The I-4 with the crankpins arranged at 0, 90, 90 and 0 degrees around the crankshaft rotation axis (i.e. the PatRoVa in the animation) has an unbalanced inertia force (1st order, rotating).
Similarly the I-4 with the crankpins arranged at 0, 90, 270 and 180 degrees around the crankshaft rotation axis (i.e. the Yamaha M1 and R1) has an unbalanced inertia moment (1st order, rotating).
I know Yamaha R1 does use a balance shaft (counter-rotating at crankshaft speed) having two balance webs arranges 180 degrees from each other.
Does anybody know if Yamaha M1 (the racing engine in MotoGP) uses a counter-rotating balance shaft?
Or Yamaha prefers the vibrations from adding a balance shaft, and the synchronization gearing it requires, in a racing engine?
The PatRoVa I-4 of the animation requires either a counter-rotating balance web at the middle of the crankshaft, or a pair of balance webs symmetrically located relative to the center of the crankshaft. For normal use.
For racing use the need of external balance webs is questionable.
In order to avoid the external balance webs (of the Yamaha crossplane-crankshaft I-4 and of the I-4 PatRoVa of the animation), a better choice is the V-4 arrangement with the crankpins arranged at 0, 0, 90 and 90 degrees:
(used by some Ducati V-4 in the moto-GP).
You also write:
“and with your Cross Radial PatATeco .....
again, I wonder, have you evaluated the likely detriment to crankshaft/propellor shaft torsional vibration when driving a propellor or rotor ?
complicated by and strongly related to reduction gearing factors (if reduction gearing is used)
there are very many precedents of crankshaft redesign due to this, not all conveniently in the distant past
eg the RR 1970s development of Continental's flat 4 (direct drive of course) to 130 hp for the Aerobat version of the French-built Cessna 150
had fatigue failures in service and was effectively banned, without iirc compensation to customers
the props were disappearing in flight
many other efforts by lesser organisations have similarly failed since”
Here is a UL-power crankshaft for a flat four aircraft engine:
Single piece, big diameter of journals / crankpins. It seems strong.
And here it is shown the crankshaft of a Hercules 14-cylinder double-row Radial:
The crankshaft is “a built-up three-piece unit which allows the use of solid master connecting rods”. It seems not adequately strong, however it deals with several times more power than the crankshaft of the flat-4.
In a flat-4 engine, all the four pistons stop together (at BDC and TDC), which means zero kinetic energy. And 90 degrees later (middle stroke) they all move at high speed, which means they, as a set, have a big amount of kinetic energy. As in all even firing 4-stroke four-cylinder engines, the heavy second-order inertia torque requires strong / heavy crankshaft structure.
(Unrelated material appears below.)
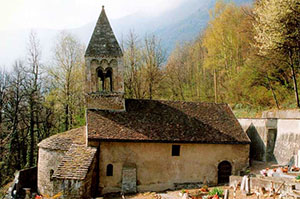 photo de l'glise de Mesage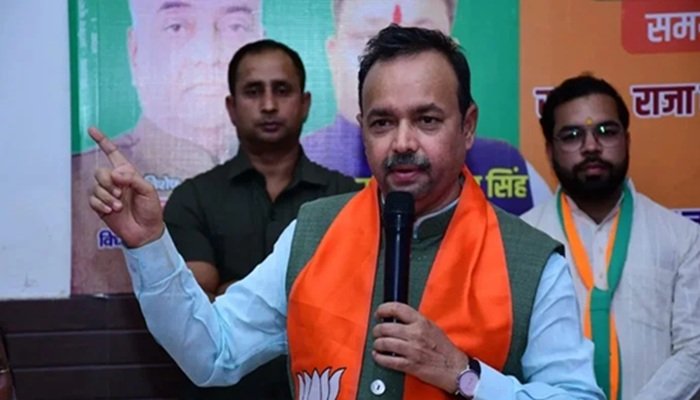 Bareilly का माहौल बिगाड़ना चाहते हैं विपक्षी नेता: जेपीएस राठौर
If a heavy propeller is secured at the one end of the crankshaft, then the propeller has to accelerate / decelerate twice per crankshaft rotation in order to absorb and then give back the kinetic energy required by the set of the four pistons.
In the PatATeco Cross-Radial of the animation, the total kinetic energy of the four pistons is constant (about zero inertia torque). The propeller can be secured on the crankshaft without any issue.
Things are better than in the conventional Radials because the motion of all pistons is the same and because there is no master rod (you can read more at
http://www.pattakon.com/pattakonPatAT.htm ).
It is hard to believe, however a four-cylinder PatATeco is better balanced than the double row 18-cylinder Centaurus Sleeve-Valve Radial of Bristol.
Another advantage of the PatATeco Cross-Radial is that it is a two-stroke engine.
A combustion happens every 90 crank degrees.
The successive power pulses overlap as in the even firing V-8 (smooth delivery of power).
The pistons around their TDC run always under heavy pressure (compare to the pistons of the four-strokes when they pass from their combustion-TDC, and when, 360 crank degrees later, they pass from their overlap-TDC).
When I compare the PatATeco Cross-Radial with a flat-four airplane engine (like, say, the Rotax 912 or the UL-260i of UL-power) what I see is a more reliable engine (no valves, no valve springs, no camshafts, no push-rods, no rocker-arms etc), a way more lightweight engine (one crankpin serves all the four pistons), a better cooled engine (air-cooled; read at UL-Power how proud they are for their aircooling, even if the two cylinders are necessarily arranged behind the other two cylinders), an engine with better fuel efficiency (less friction, better shape of combustion chamber), etc.
So, take another look at the PatATeco and let me know where you see problems.